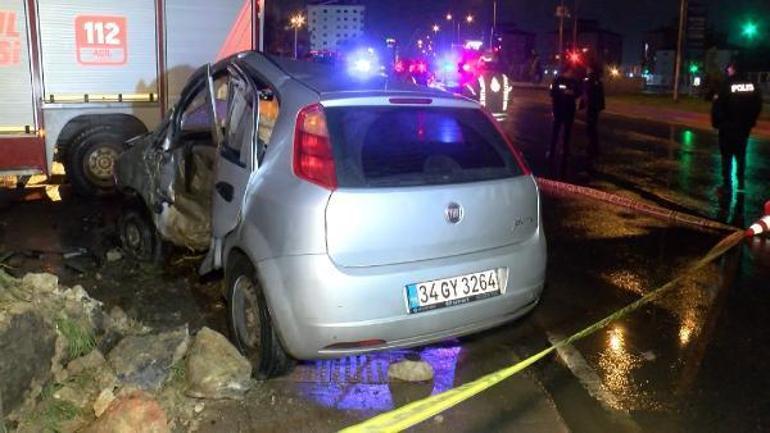 Pendik'te otomobil evin bahçe duvarına çarptı: 2 yaralı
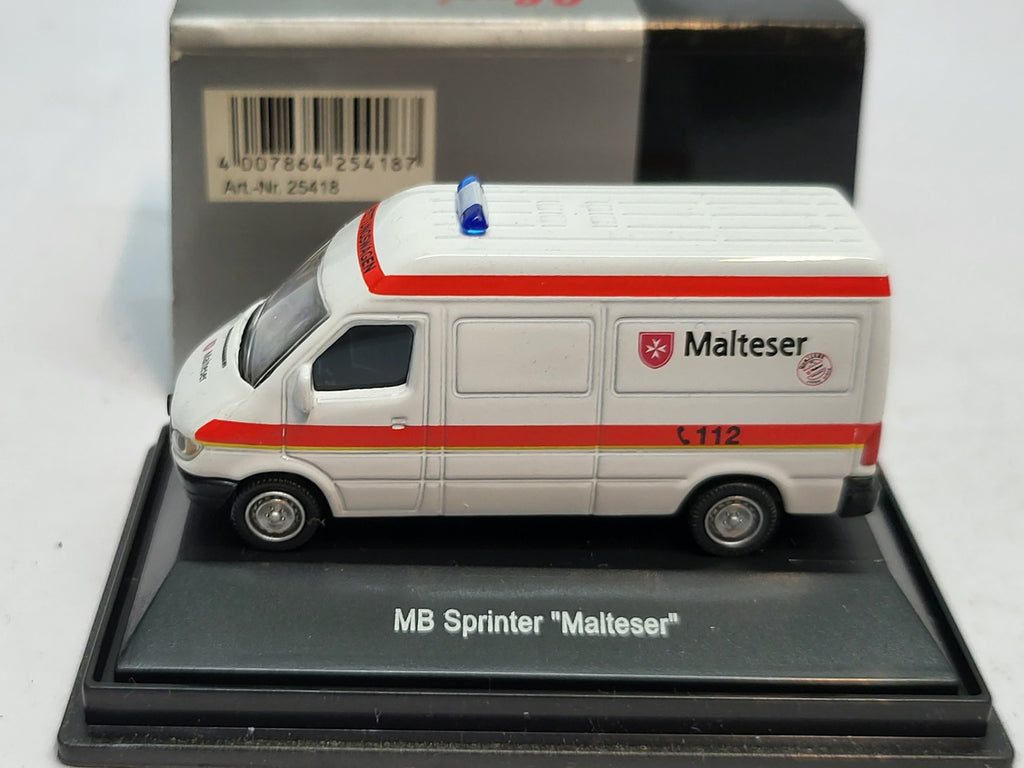 Mercedes Sprinter Malteser 112 - Schuco 1:87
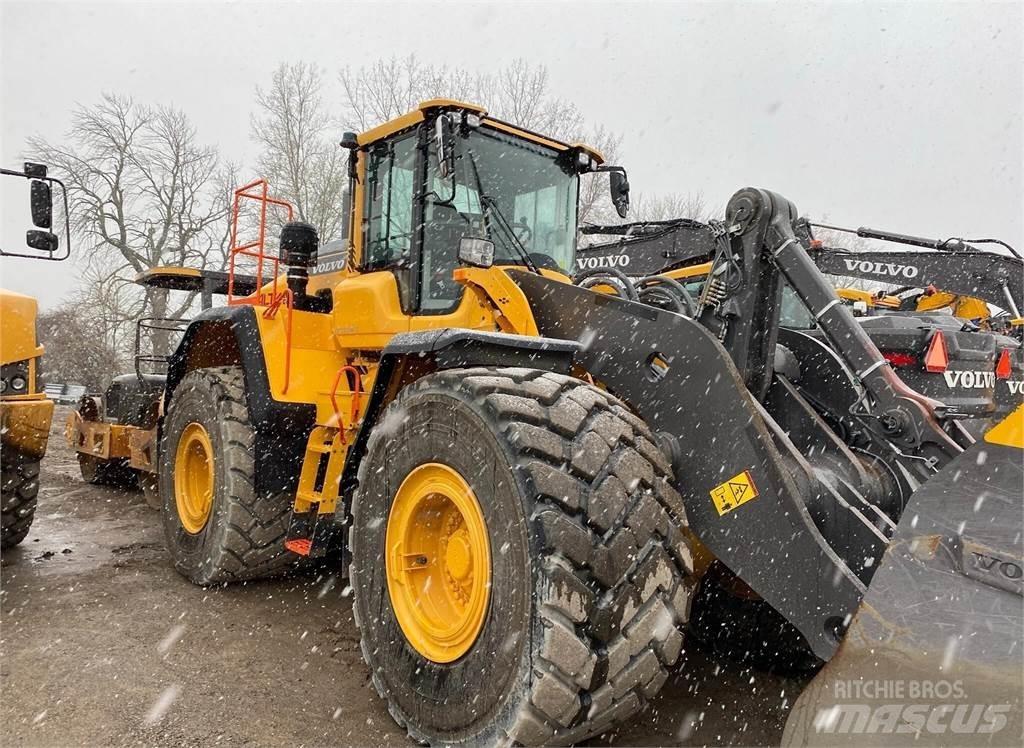 Volvo L220H Kolesni nakladalci
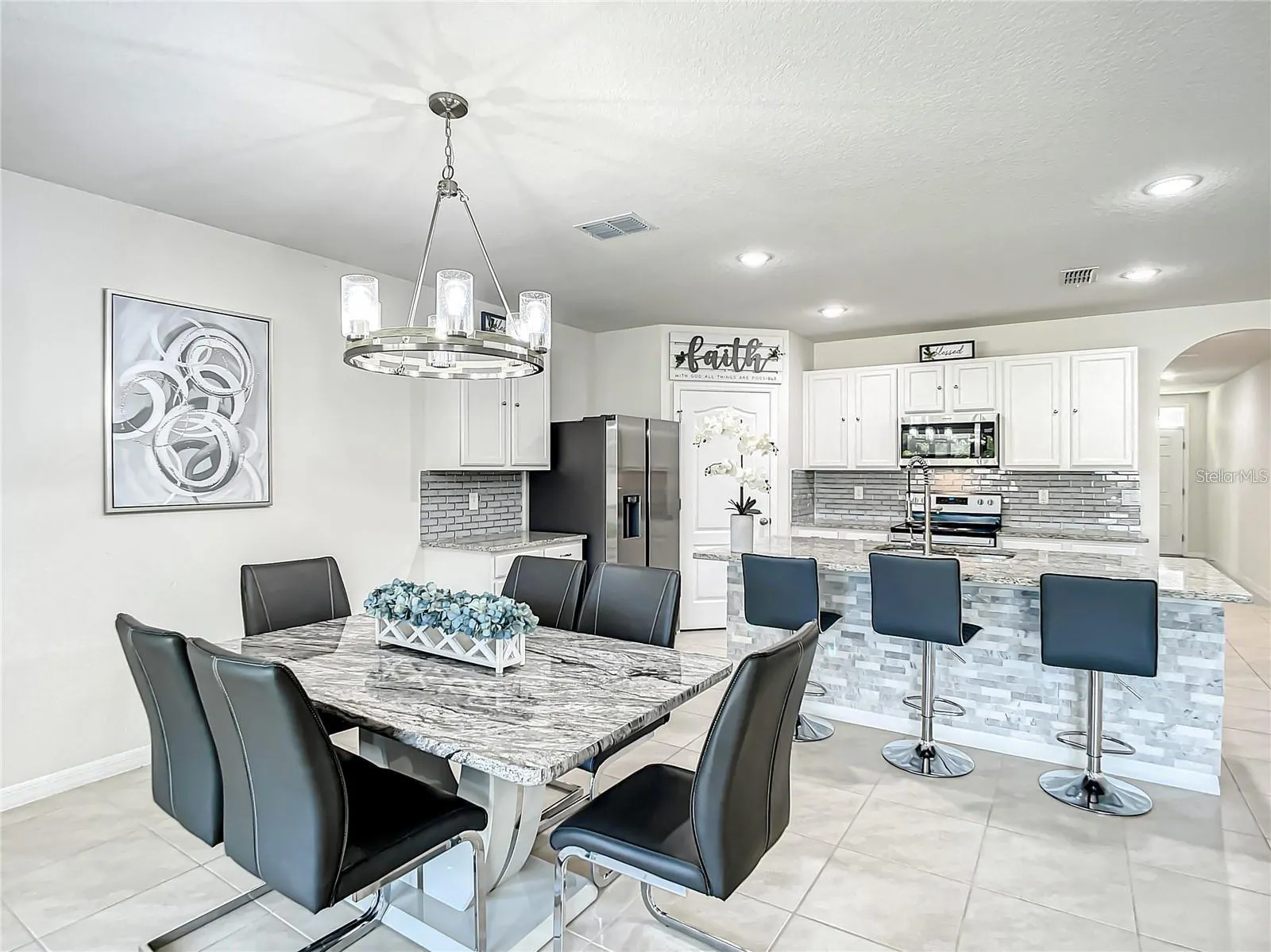 2774 SUNKISSED DR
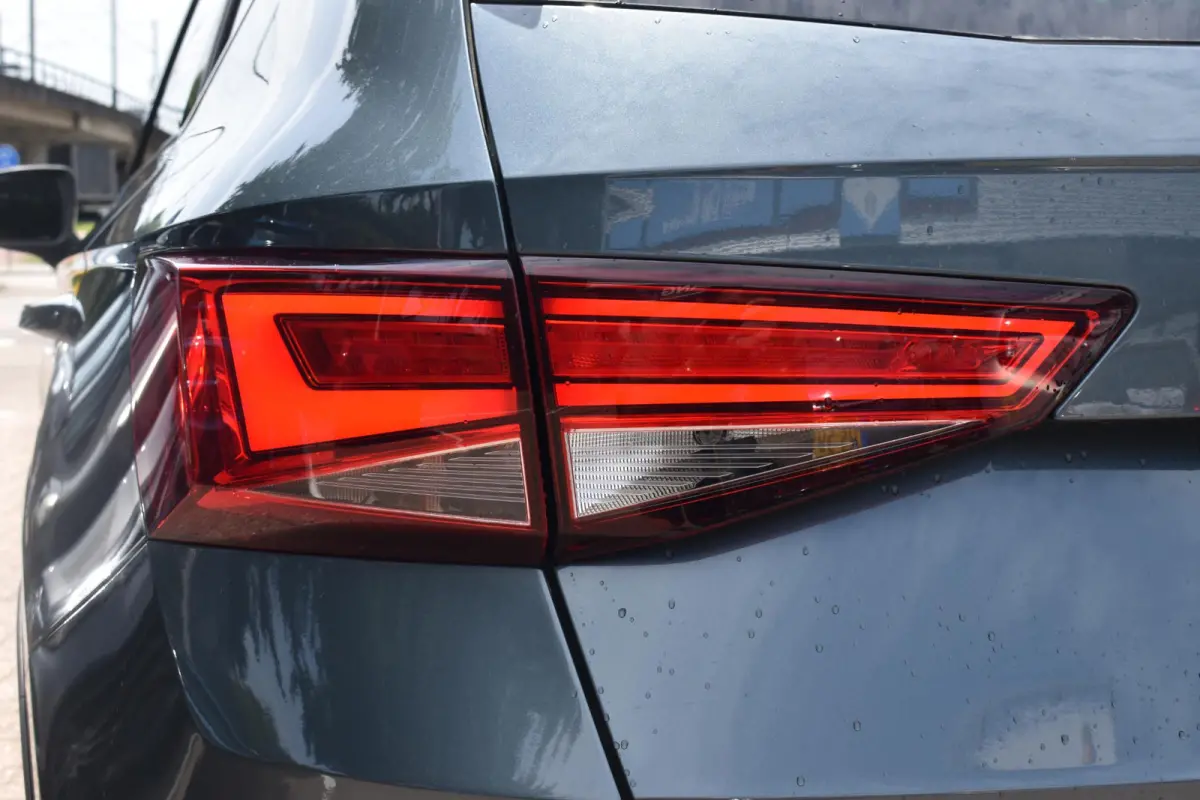 1.0 EcoTSI Style Business Intense Navigatie | Sensoren | LED | Elek. Achterklep | 12 mnd BOVAG garantie | Whatsapp 06-53188999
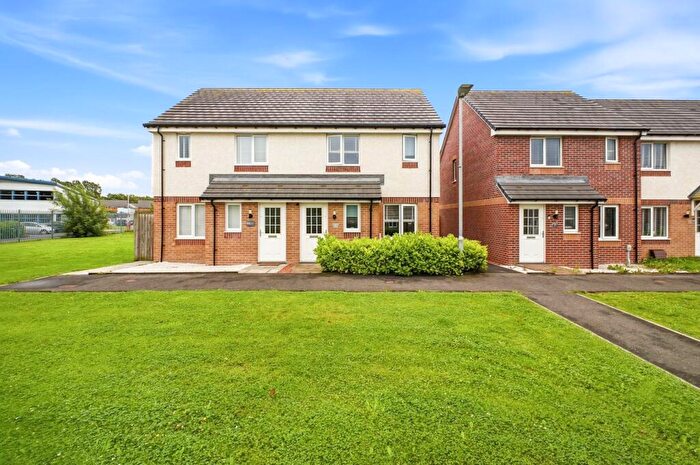 3 Bedroom Semi-Detached Villa For Sale In Crompton Way, Irvine, KA11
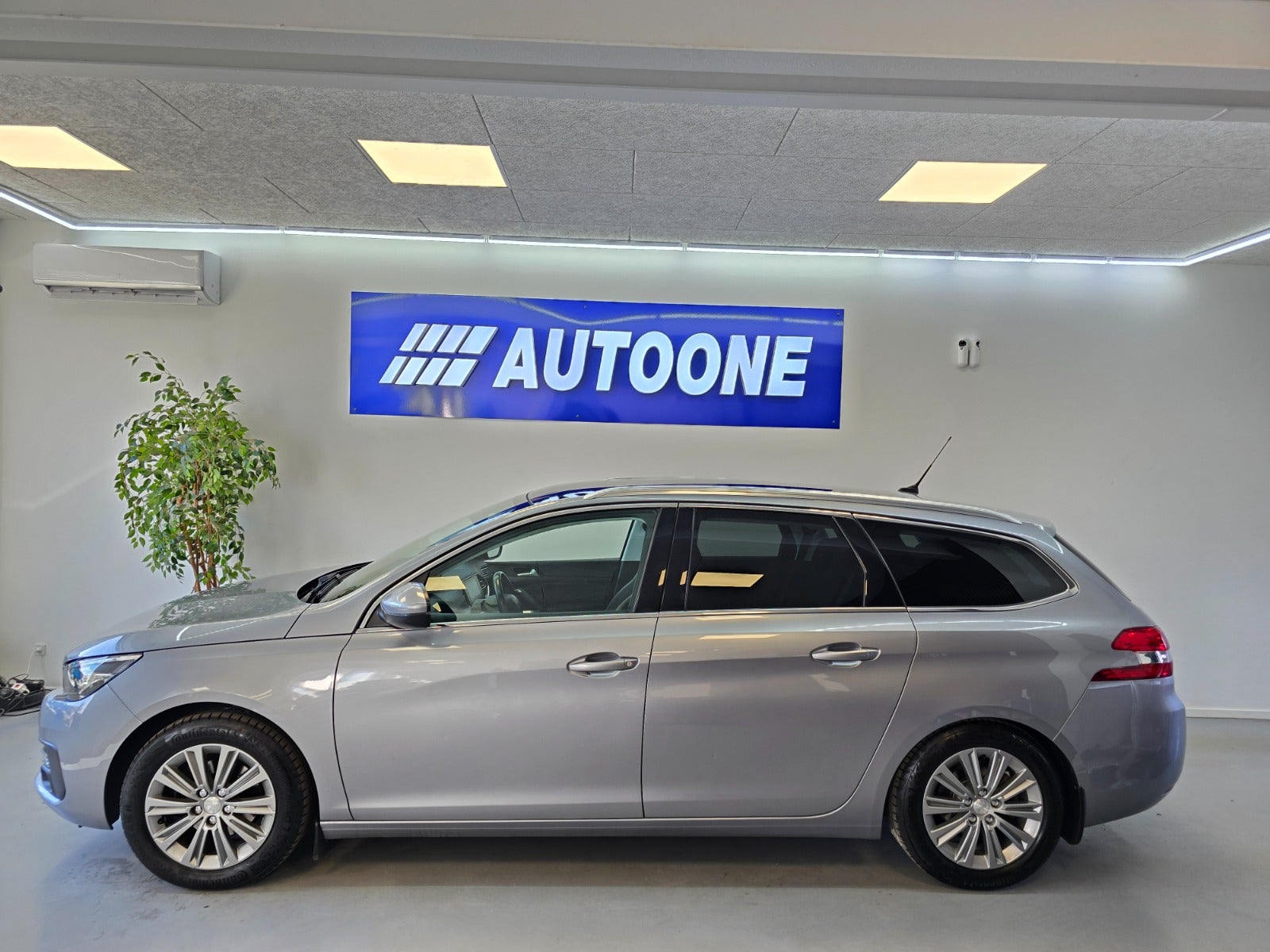 Billede af Peugeot 308 1,5 BlueHDi 130 Prestige SW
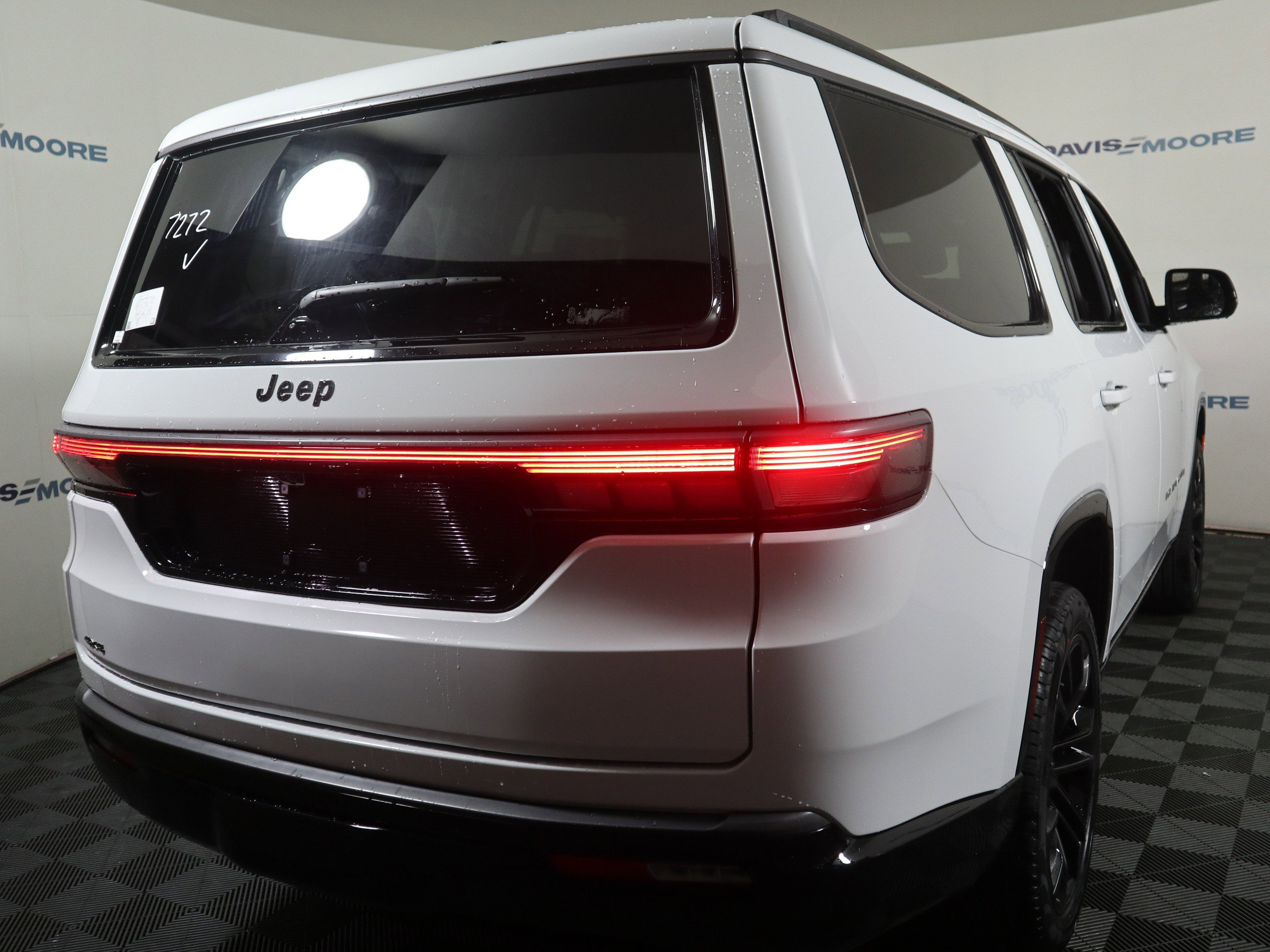 New 2026 Jeep Grand Wagoneer Summit image 6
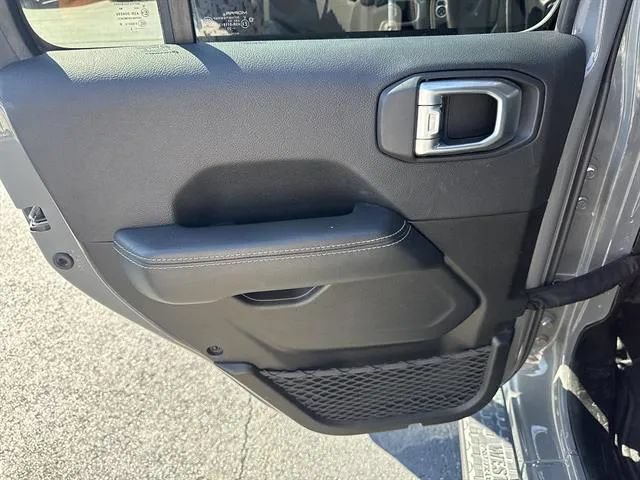 Used 2023 Jeep Wrangler Unlimited Sahara AWD/4WD image 14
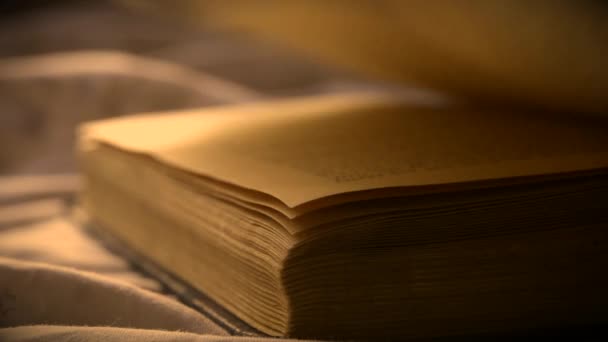 Lapozzunk át egy régi vintage könyvet közelkép feküdt egy lapos felületen. - Felvétel, videó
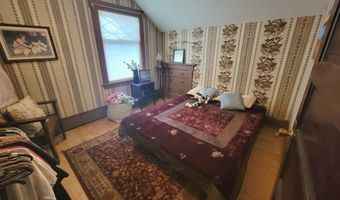 817 N Main St, Aberdeen, SD 57401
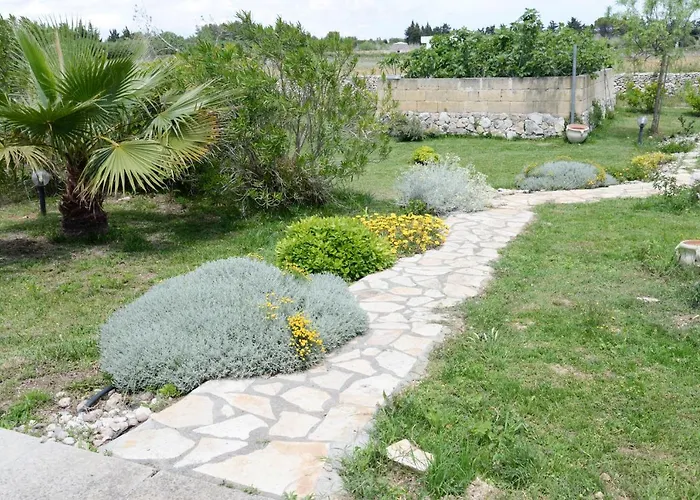 Messapiarooms アパート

────────────────────────────────────────

Your answer should be a precise transcript of the entries, minus the pictures.

Answer space:
 Pendik'te otomobil evin bahçe duvarına çarptı: 2 yaralı
 Mercedes Sprinter Malteser 112 - Schuco 1:87
 Volvo L220H Kolesni nakladalci
 2774 SUNKISSED DR
 1.0 EcoTSI Style Business Intense Navigatie | Sensoren | LED | Elek. Achterklep | 12 mnd BOVAG garantie | Whatsapp 06-53188999
 3 Bedroom Semi-Detached Villa For Sale In Crompton Way, Irvine, KA11
 Billede af Peugeot 308 1,5 BlueHDi 130 Prestige SW
 New 2026 Jeep Grand Wagoneer Summit image 6
 Used 2023 Jeep Wrangler Unlimited Sahara AWD/4WD image 14
 Lapozzunk át egy régi vintage könyvet közelkép feküdt egy lapos felületen. - Felvétel, videó
 817 N Main St, Aberdeen, SD 57401
 Messapiarooms アパート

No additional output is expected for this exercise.